(À laia de ‘disclaimer’, afirmo ser este o artigo que nunca pensei justificar-se ser escrito, uma vez que, não só não me revejo nos arquétipos mais conhecidos do feminismo, como não concordei com o que ficou conhecido como “criminalização do piropo”. Julgava eu, erroneamente, que se tratava de uma batalha ultrapassada. Aqui fica o meu mea culpa).
Nos últimos dias temos sido bombardeados não apenas com a polémica em torno do acórdão que julgou não constituir crime de injúria a expressão “comia-te toda… Paga-me o que me deves”, como também com uma tristemente célebre entrevista do mais surreal candidato à Presidência dos Estados Unidos da América.
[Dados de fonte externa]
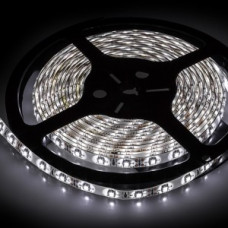 LM2835-WN120-W-5MM-12V Leomay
Não me pretendendo deter nem sobre a construção jurídica que está subjacente à aludida decisão jurisdicional, nem sobre o perigo manifesto de se colocar um louco, em todas as suas dimensões, à frente dos destinos da nação mais poderosa do mundo (em ambos os casos por ter já existido quem o fizesse bem melhor do que eu…), o que me parece igualmente merecer alguma reflexão são os ecos que resultaram de ambas as intervenções.
Principalmente a primeira foi um verdadeiro detonador de discussões nas redes sociais que, para mim, tiveram o “efeito surpresa” de me mostrar que o machismo está de “boa saúde”, embora mais escondido. E, não por acaso, foi justamente nas já referidas redes sociais, muitas vezes a coberto de um cobarde anonimato, que o famoso “macho da coutada ibérica” saiu do curral onde se encontrava há décadas e bolsou toda a sorte de aleivosias.
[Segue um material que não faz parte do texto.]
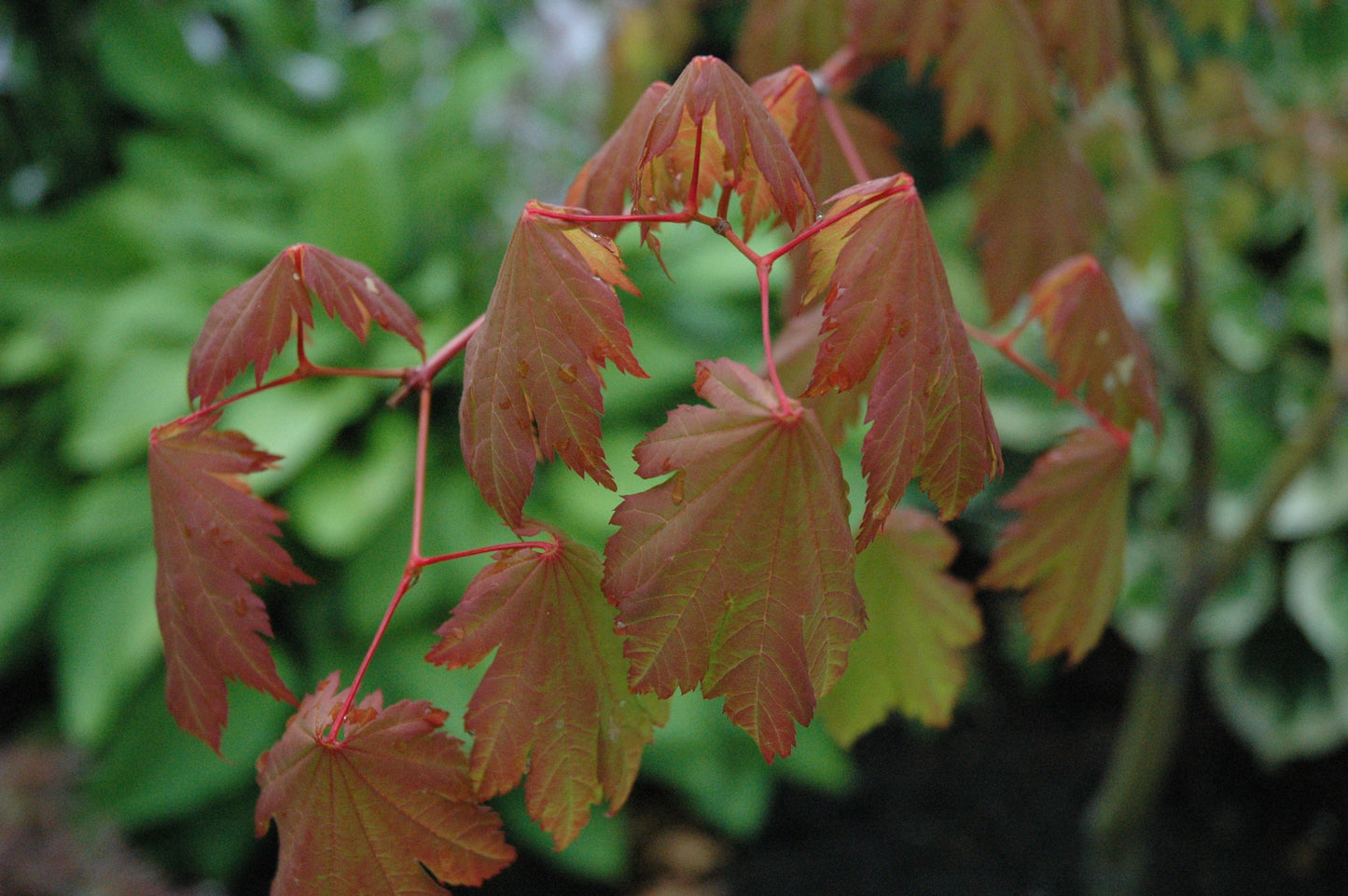 Acer japonicum 'Emmett's Pumpkin' Full Moon Japanese Maple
Li, entre outras, que há um nexo causal entre a forma de vestir das mulheres e eventuais agressões de que sejam vítimas, no que me pareceu próximo do caso que motivou o filme de 1988, The Accused. Então como agora, escudando-se no tão célebre quanto machista adágio de que “mulher honrada não tem ouvidos”, os autores dos ditos comentários afirmaram o direito de se amesquinhar uma qualquer mulher porque se apresenta de mini-saia ou de top mais decotado (quiçá, a acumulação de ambos justifique, inclusivamente, como no citado filme, relações sexuais não consentidas).
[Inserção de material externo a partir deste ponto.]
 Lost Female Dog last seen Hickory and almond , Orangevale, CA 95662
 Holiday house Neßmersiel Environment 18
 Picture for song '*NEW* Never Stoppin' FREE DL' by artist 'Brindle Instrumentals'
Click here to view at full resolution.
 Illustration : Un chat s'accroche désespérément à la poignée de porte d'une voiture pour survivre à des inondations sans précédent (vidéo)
Para esses (e, pelos vistos, também para Trump), uma mulher, por essa única condição, é suposto tudo ter de suportar, preferencialmente com um sorriso nos lábios, já que, se é alvo de tais comentários, é porque ainda é capaz de despertar algum desejo nos homens. Dito de outra forma, tais comentários remetem as mulheres para o lugar de objecto decorativo, numa qualquer loja, à espera de cativar um olhar que a leve para casa, tendo como única tarefa na vida manter a beleza que justifica a sua existência.
Eventualmente perdidos na sua boçalidade, o que tais homens não conseguem perceber é que essa linha de raciocínio os reconduz a uma dimensão de irracionalidade que não os diferencia dos animais. E, meus senhores, mesmos os animais mais dóceis são hoje obrigados a andar na rua de trela e açaime.
A autora escreve segundo a antiga ortografia.